Mike Volpi, a partner at Index Ventures, said that the success of Midjourney proves there is a business model for image generators. Based in San Francisco, Midjourney charges between US$10 and US$120 a month for subscriptions, and is on track to earn US$200-million in revenue this year, according to The Information.
But it’s too early to say how exactly Ideogram will monetize, and who will be willing to pay for the service. “I would say the journey is much less premeditated, and much more like, let’s put it out there, see how people use it, and improve the product,” Mr. Volpi said.

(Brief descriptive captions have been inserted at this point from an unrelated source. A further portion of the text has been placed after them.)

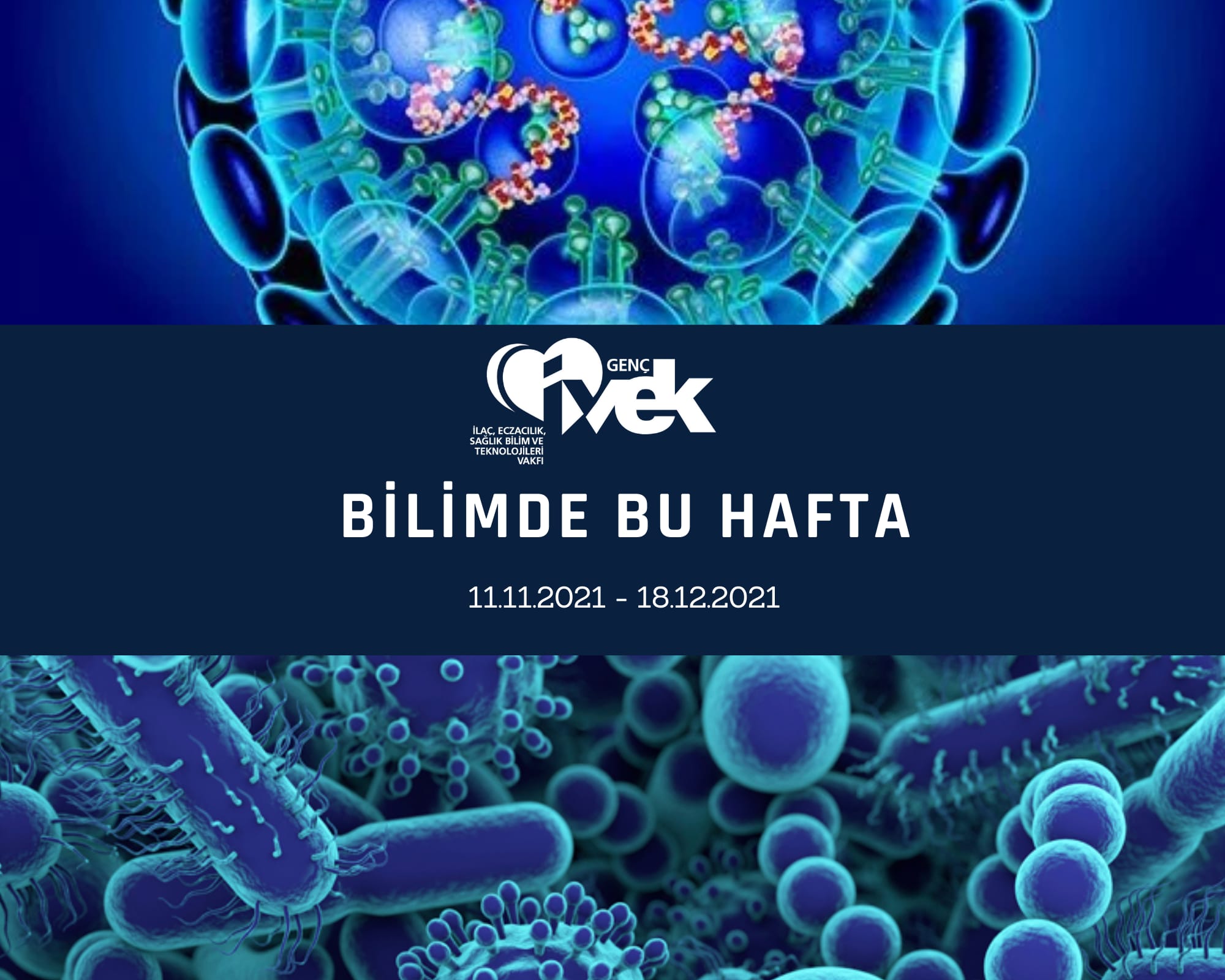  GENÇ İVEK- BİLİMDE BU HAFTA 11.12.2021-18.12.2021 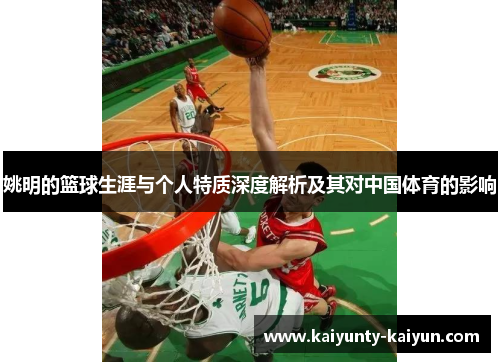 姚明的篮球生涯与个人特质深度解析及其对中国体育的影响
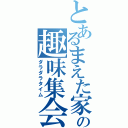 とあるまえた家の趣味集会（ダラダラタイム）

Many artists, meanwhile, have been dismayed by the advent of AI image generation, fearing the technology could put people out of work and devalue the profession. The data sets on which AI models have been trained are often opaque and include works by artists who never consented to their creations being used in this manner. In February, stock photo company Getty Images filed a lawsuit against Stability AI in the U.S., alleging the company copied more than 12 million pictures from its database to train an AI model.
Mr. Norouzi declined to provide details about Ideogram’s data sets. “We’ve put a lot of thought into how to train models and how to ensure that what we’re doing is legal,” he said. Ideogram could potentially work directly with artists down the road, he added. “If you’re an artist and you have a lot of assets and if you want to help other people create in your style, I think that should be feasible, and you deserve to have a share of the profit,” he said.
As for bias and stereotypes, Mr. Norouzi said that Ideogram has removed certain types of imagery from its data set, but acknowledges that more research is needed.
The ability to spread misinformation with image generators is another huge area of concern. Dall-E, for example, does not allow users to render public figures, whereas Ideogram has no such restrictions. “The last thing that we want is our tool to be used to portray public figures in an inappropriate context,” Mr. Norouzi said. “Our strategy is to improve the safety of our product on an ongoing basis. We think the best approach is to have a consistent conversation with our users, and the press and everyone else.”